__SUPPLIED DATA__.
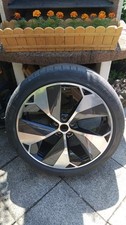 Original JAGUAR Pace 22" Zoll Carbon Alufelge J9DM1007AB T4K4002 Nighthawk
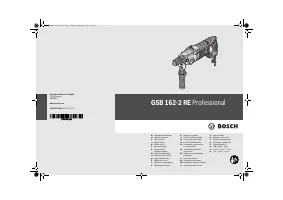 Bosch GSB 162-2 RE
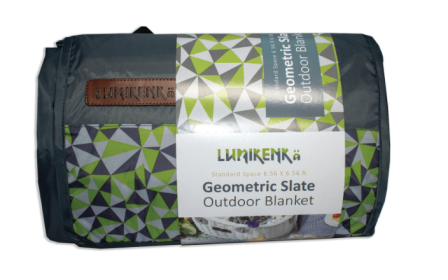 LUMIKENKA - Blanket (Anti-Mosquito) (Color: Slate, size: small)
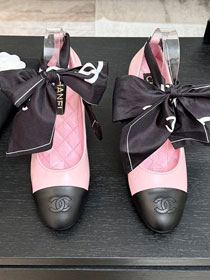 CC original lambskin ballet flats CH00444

...

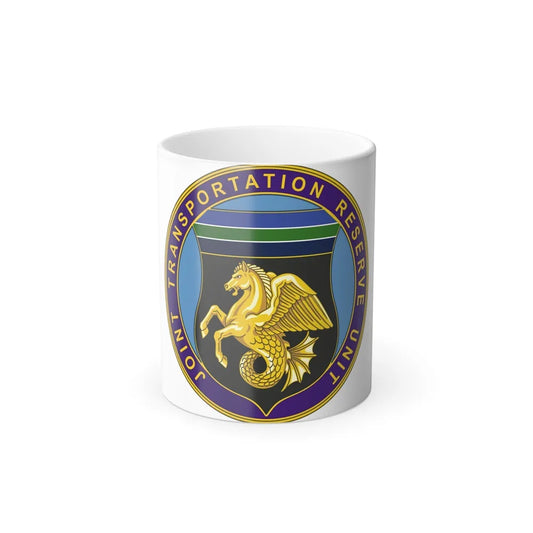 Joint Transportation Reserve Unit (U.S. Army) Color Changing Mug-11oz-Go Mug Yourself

__WHAT THE EXERCISE ASKS__. Reproduce, exactly and only, the lines of the records above starting at the line with "Original JAGUAR Pace" and ending at the line with "CC original lambskin ballet flats CH00444", both included. Leave every picture out.

__EXERCISE OUTPUT__.
 Original JAGUAR Pace 22" Zoll Carbon Alufelge J9DM1007AB T4K4002 Nighthawk
 Bosch GSB 162-2 RE
 LUMIKENKA - Blanket (Anti-Mosquito) (Color: Slate, size: small)
 CC original lambskin ballet flats CH00444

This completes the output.